Best results in LPGA major championships (wins: 1)
- Western Open: T8: 1959
- Titleholders C'ship: 11th: 1962
- Chevron Championship: DNP
- Women's PGA C'ship: 4th: 1970
- U.S. Women's Open: Won: 1962
- du Maurier Classic: T47: 1981

= Murle Breer =

American professional golfer

Murle MacKenzie Lindstrom Breer (born January 20, 1939) is an American professional golfer best known for winning the 1962 U.S. Women's Open. She competed as Murle MacKenzie until her first marriage in 1961, then as Murle Lindstrom until her second marriage in 1969.

== Career ==
Breer was born in St.

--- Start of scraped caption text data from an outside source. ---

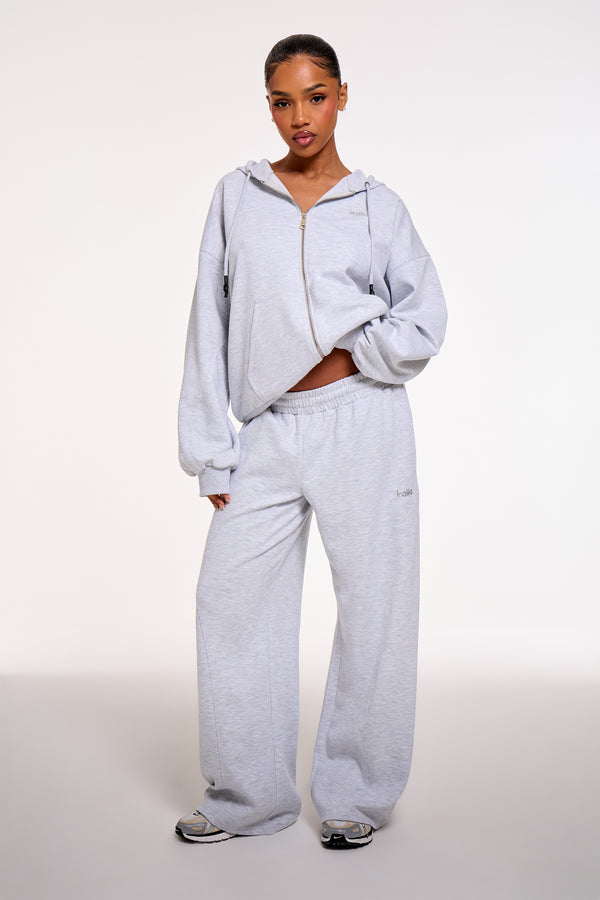 Kaiia Chrome Logo Premium Interlock Pleat Detail Wide Leg Joggers Light Grey Marl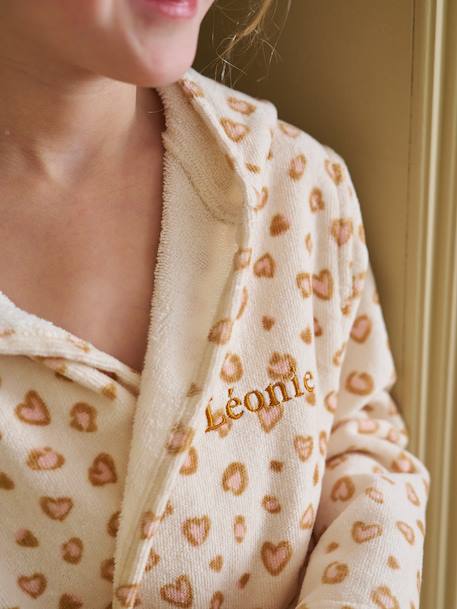 Peignoir enfant personnalisable Léopard, avec coton recyclé blanc imprimé - vertbaudet enfant 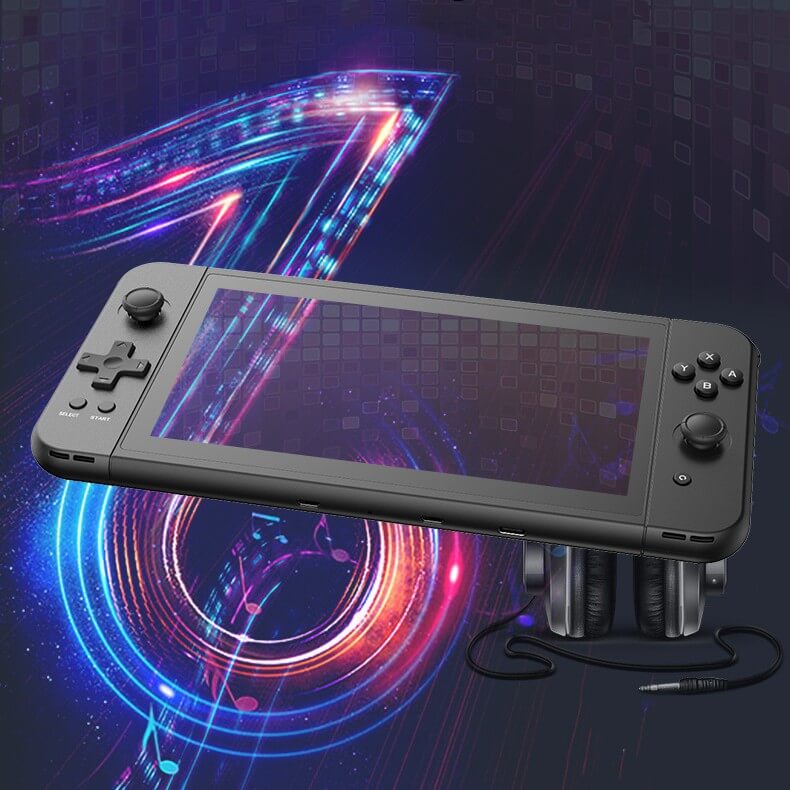 HD handheld game console X70 in black, featuring USB interface and MP4 player, designed for two players.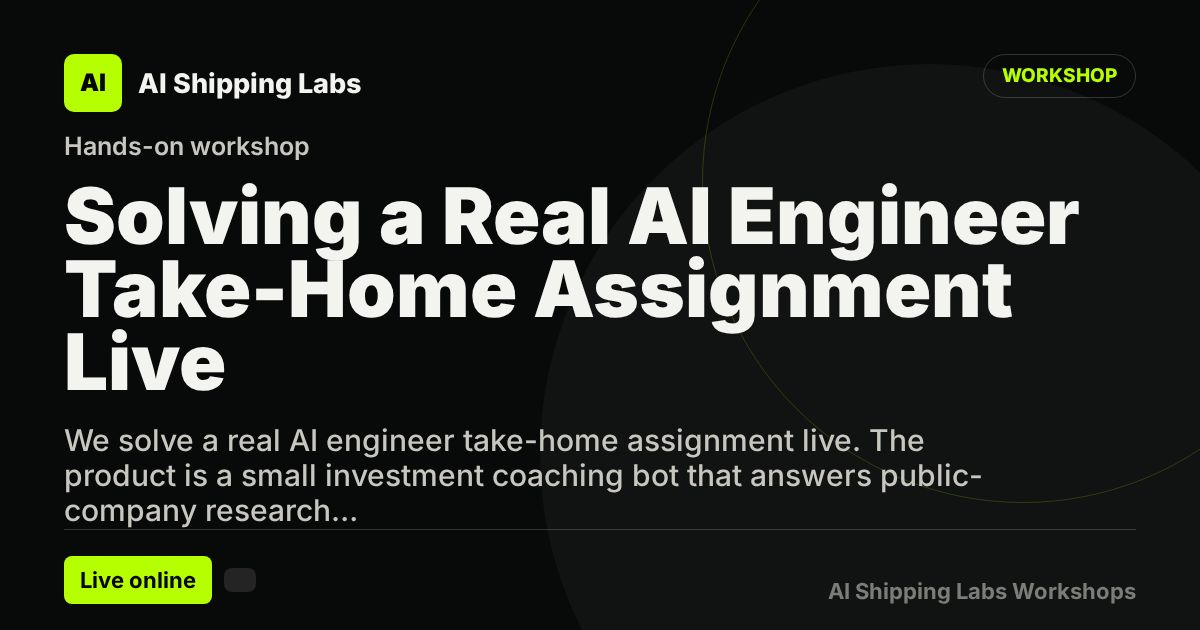 Cover image for Solving a Real AI Engineer Take-Home Assignment Live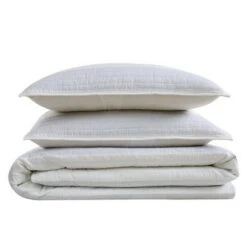 Cottage Classics Spa Stripe Quilt Set Blue/tan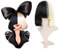 Creamily Perücke Halb blond und halb schwarz, Perücke Kurze Haar Synthetisches, Perücke Cosplay-Party-Halloween, tägliches Tragen, Perücken für Damen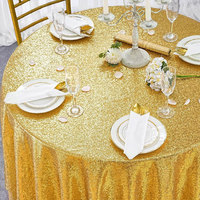 Nappe Ronde Scintillante Dorée à Paillettes Personnalisée pour Mariage, Fête, Banquet et Décoration d'Événements – Grande Vente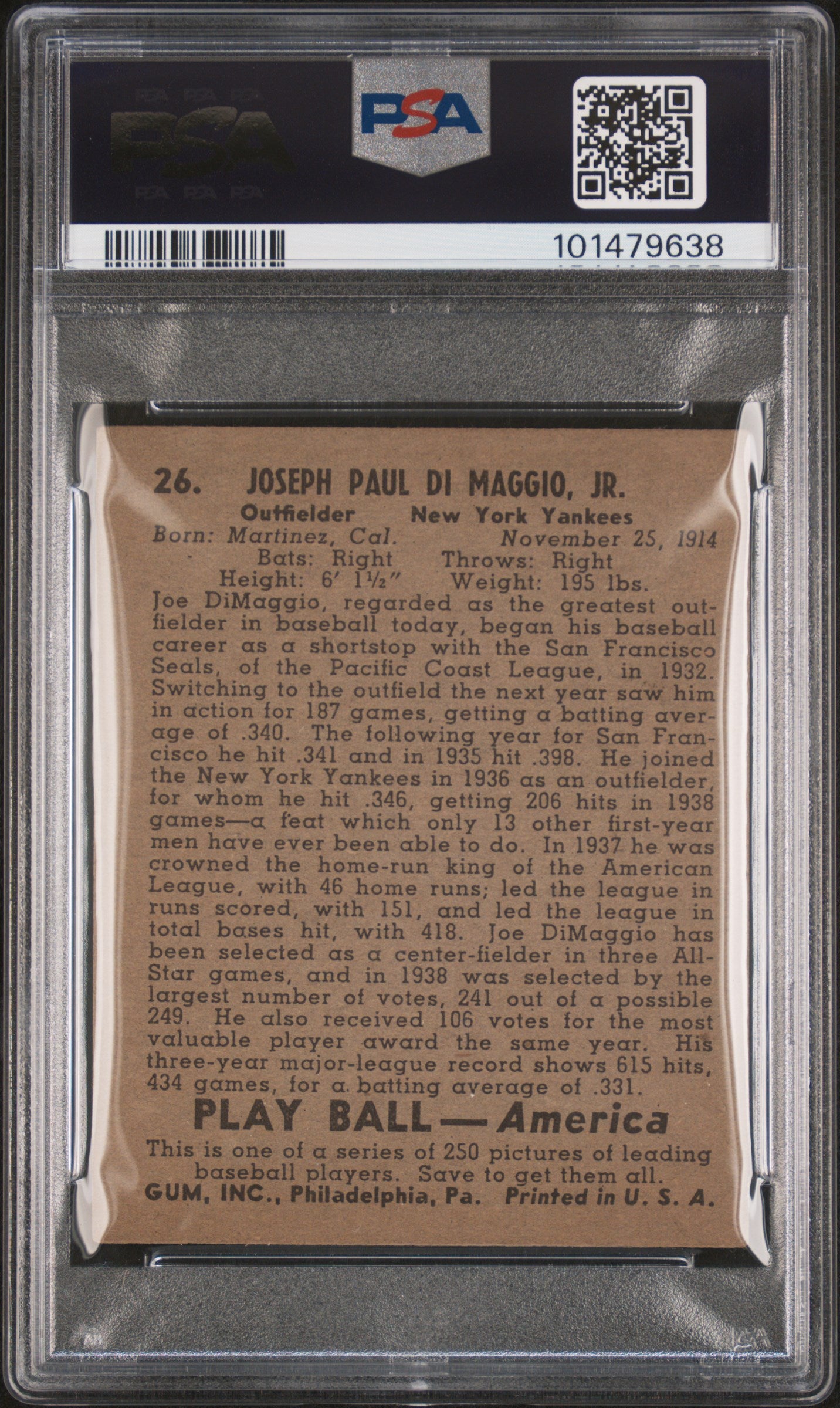 1939 Play Ball Joe Dimaggio #26 PSA 5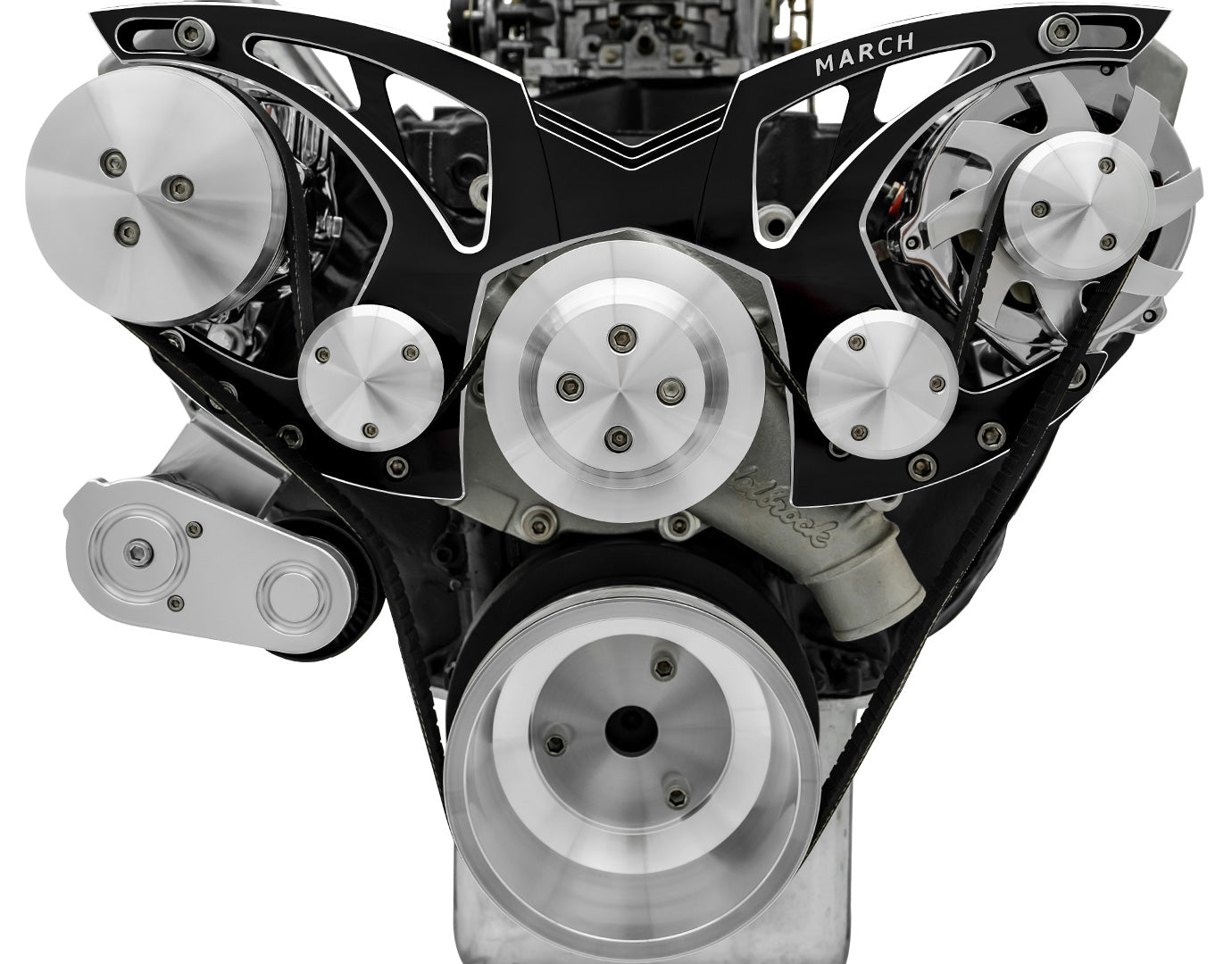 Big Block Ford Style Track Serpentine System - AC & ALT - Black Onyx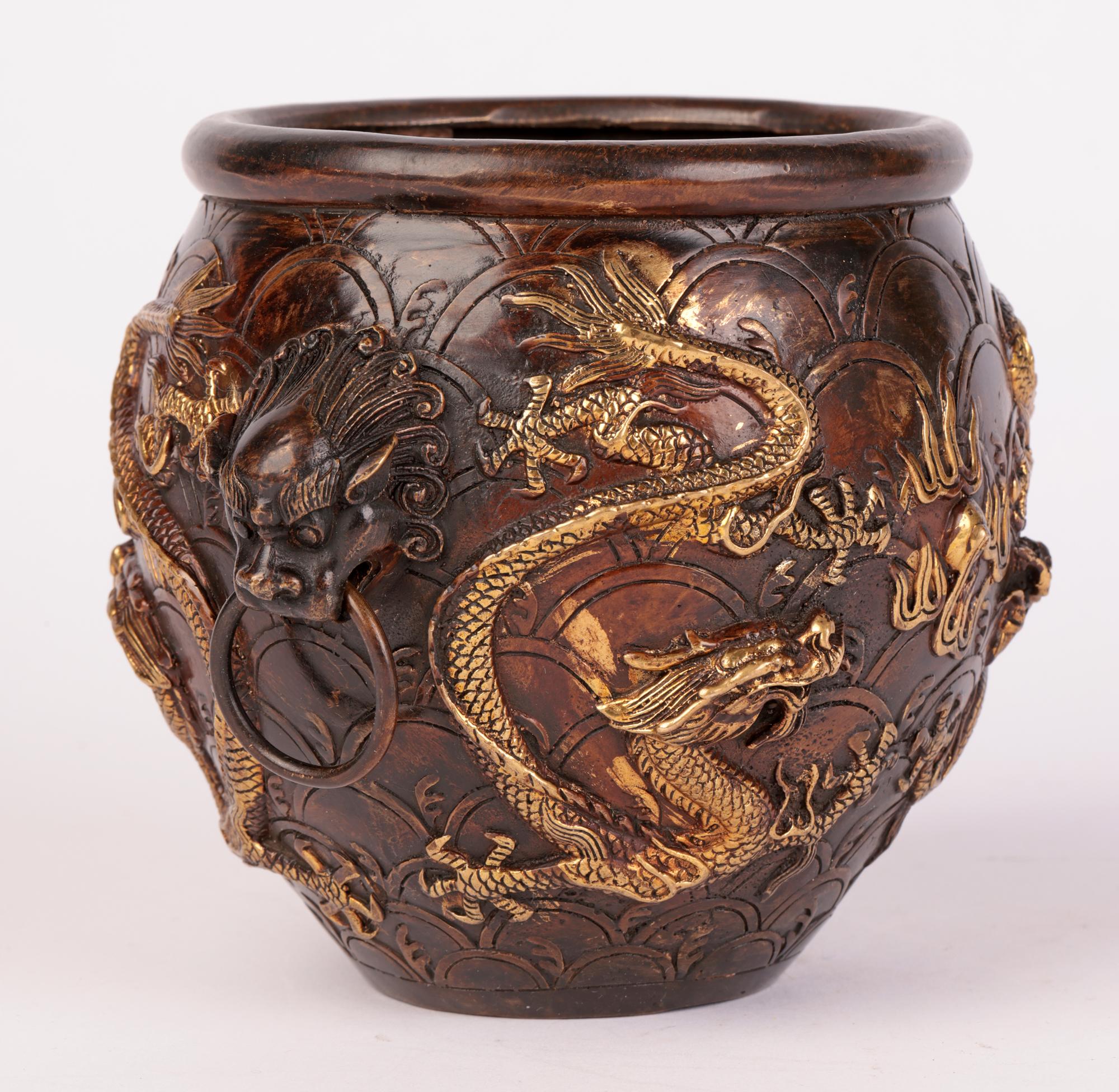 Chinese Qing Bronze Twin Handled Bowl with Gilded Dragons 7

Petersburg, Florida. She joined the LPGA Tour in 1958. Her first Tour victory came in a major championship in 1962, when she defeated Jo Ann Prentice and Ruth Jessen by one stroke in the U.S. Women's Open which was held at the Dunes Golf Club in Myrtle Beach, South Carolina. Breer enjoyed three more Tour victories in the 1960s and one mixed team win in the 1970s. She retired as a touring professional in 1984.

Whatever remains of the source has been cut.